• **Aim of the task**
Print exactly the first lines of the records. Stop after the line containing "a restaurant with", and leave every picture out.

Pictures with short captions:
────────────────────

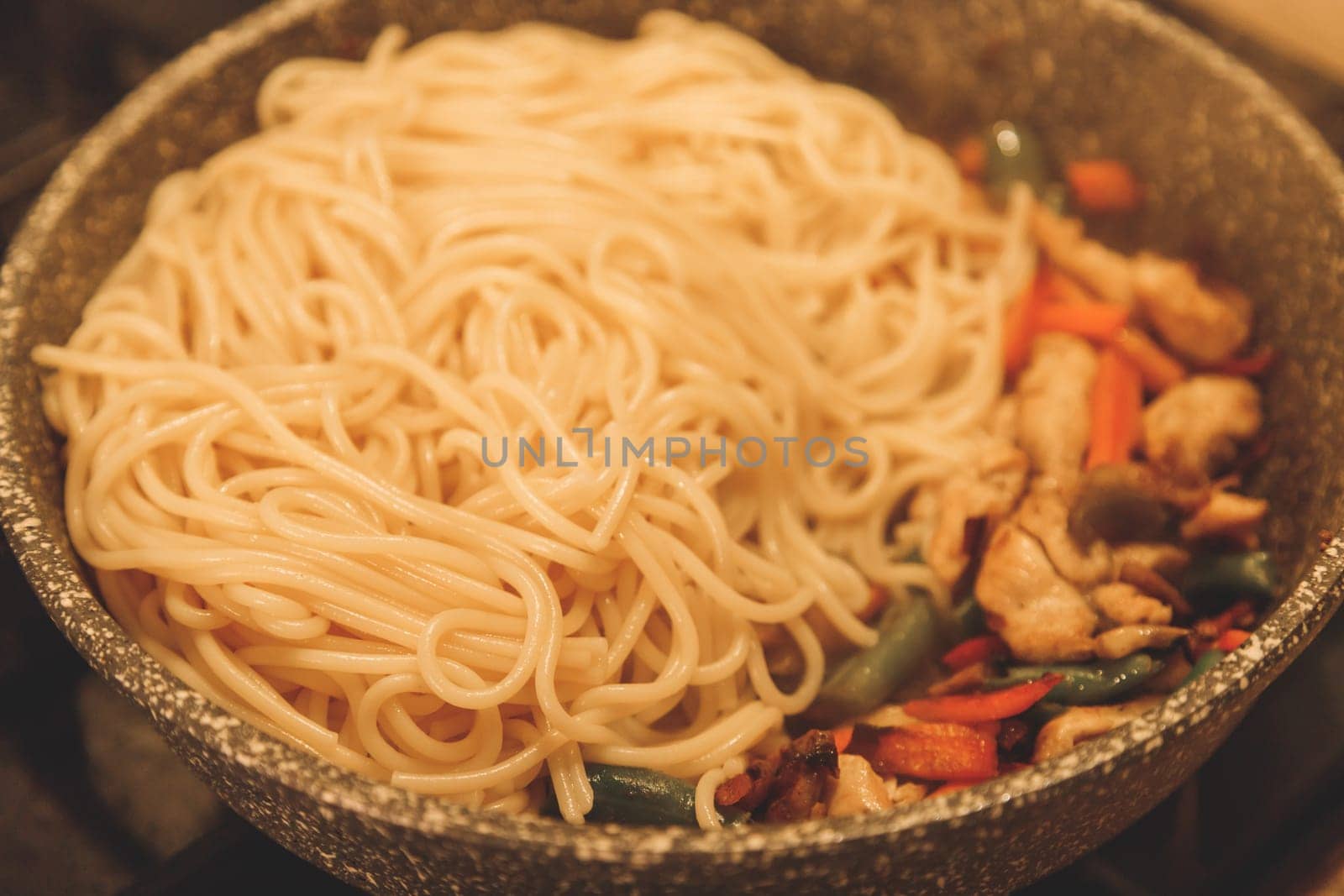 Fried noodles with vegetables and turkey meat in a black iron wok pan on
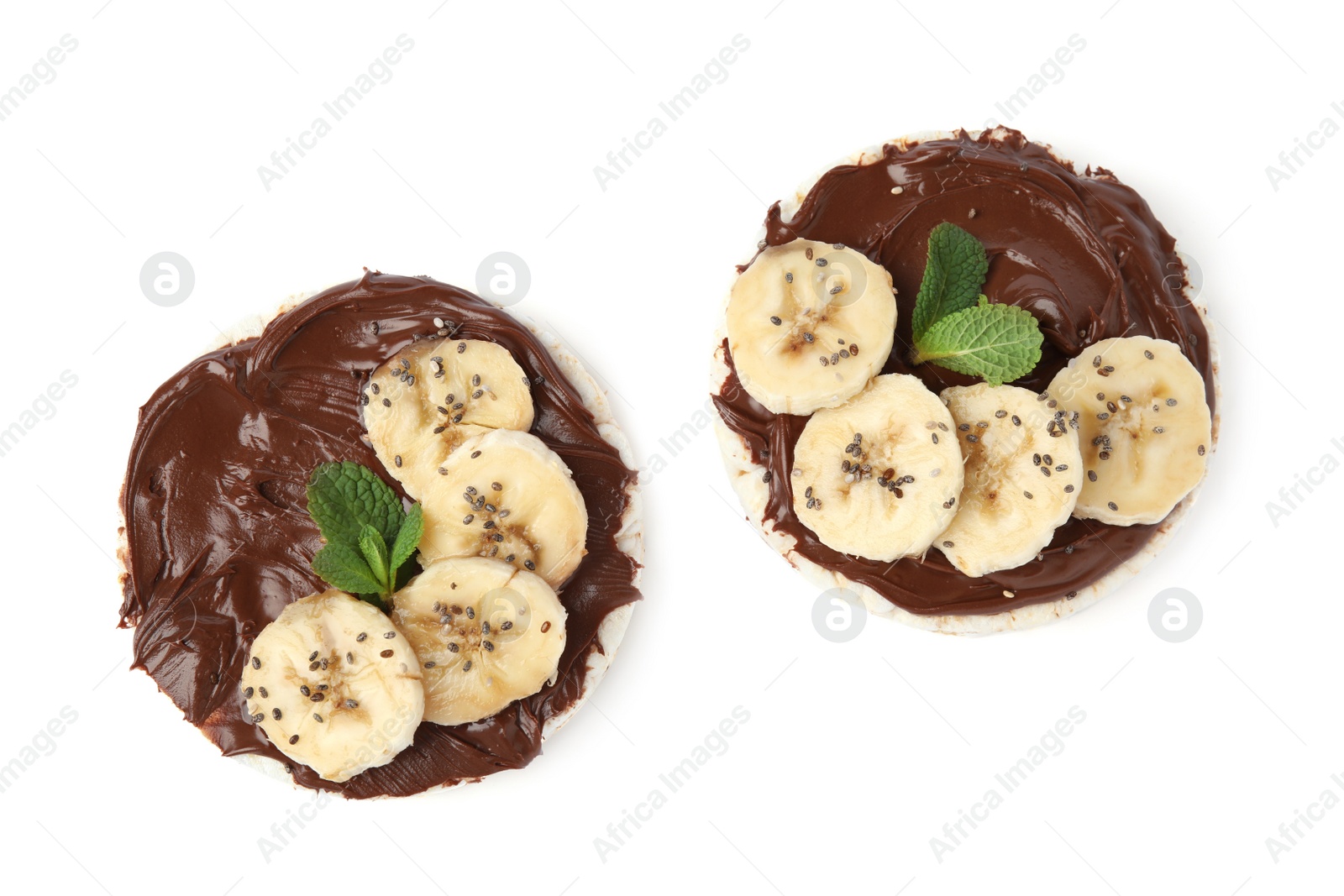 Photo of Puffed rice cakes with chocolate spread, banana and mint isolated on white, top view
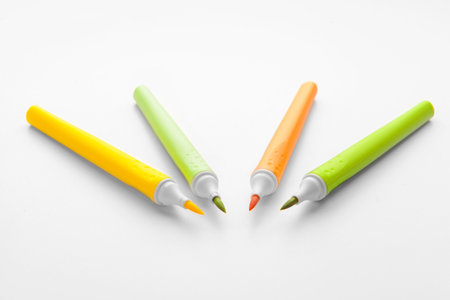 Felt tip pens on white background
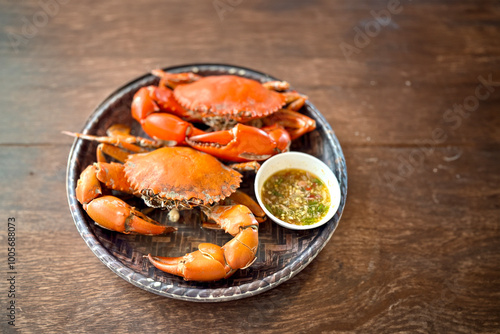 Steamed Crabs Served with Thai Seafood Dipping Sauce on a Wooden Tray - Traditional Thai Seafood Dish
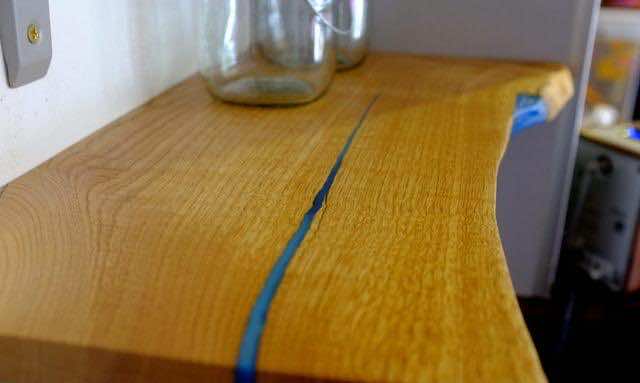 Simple DIY Makes Ordinary Wood Shelves Glow in the Dark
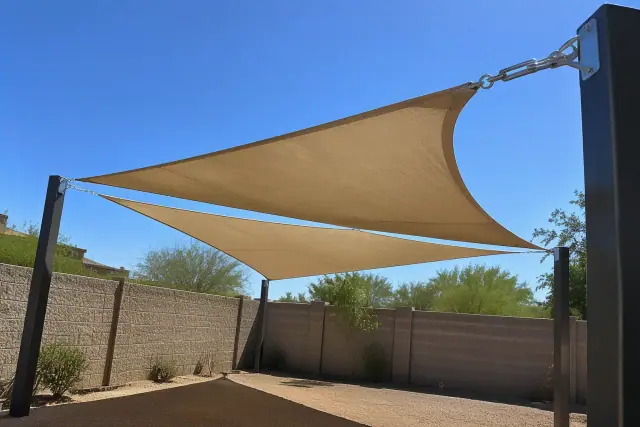 Shade sail installation with tensioned fabric membranes and steel posts in a Chandler, AZ courtyard.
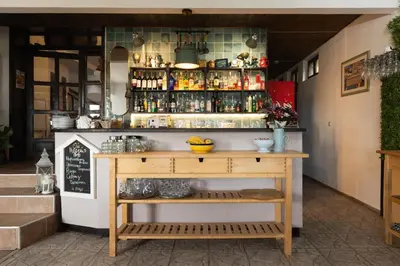 a restaurant with a counter with a shelf at VILLA SOL in Sunny Beach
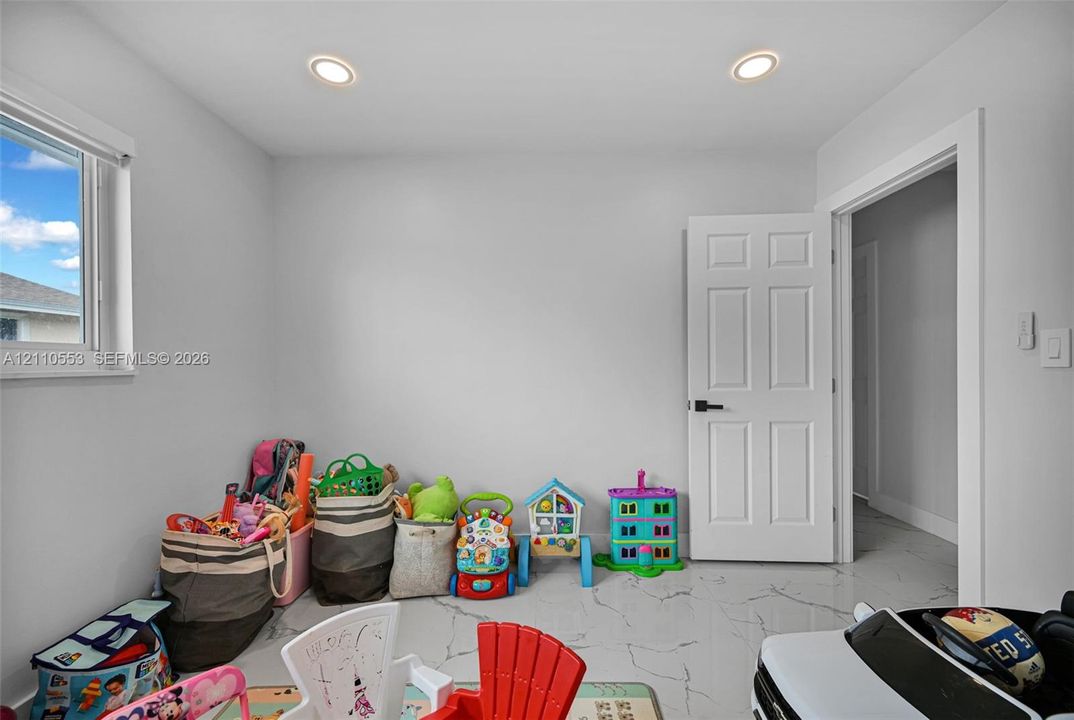 Interior room featuring white tile flooring with grey veining, neutral wall paint, recessed lighting, and a white interior door with matte black hardware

────────────────────

• **Your response**
 Fried noodles with vegetables and turkey meat in a black iron wok pan on
 Photo of Puffed rice cakes with chocolate spread, banana and mint isolated on white, top view
 Felt tip pens on white background
 Steamed Crabs Served with Thai Seafood Dipping Sauce on a Wooden Tray - Traditional Thai Seafood Dish
 Simple DIY Makes Ordinary Wood Shelves Glow in the Dark
 Shade sail installation with tensioned fabric membranes and steel posts in a Chandler, AZ courtyard.
 a restaurant with a counter with a shelf at VILLA SOL in Sunny Beach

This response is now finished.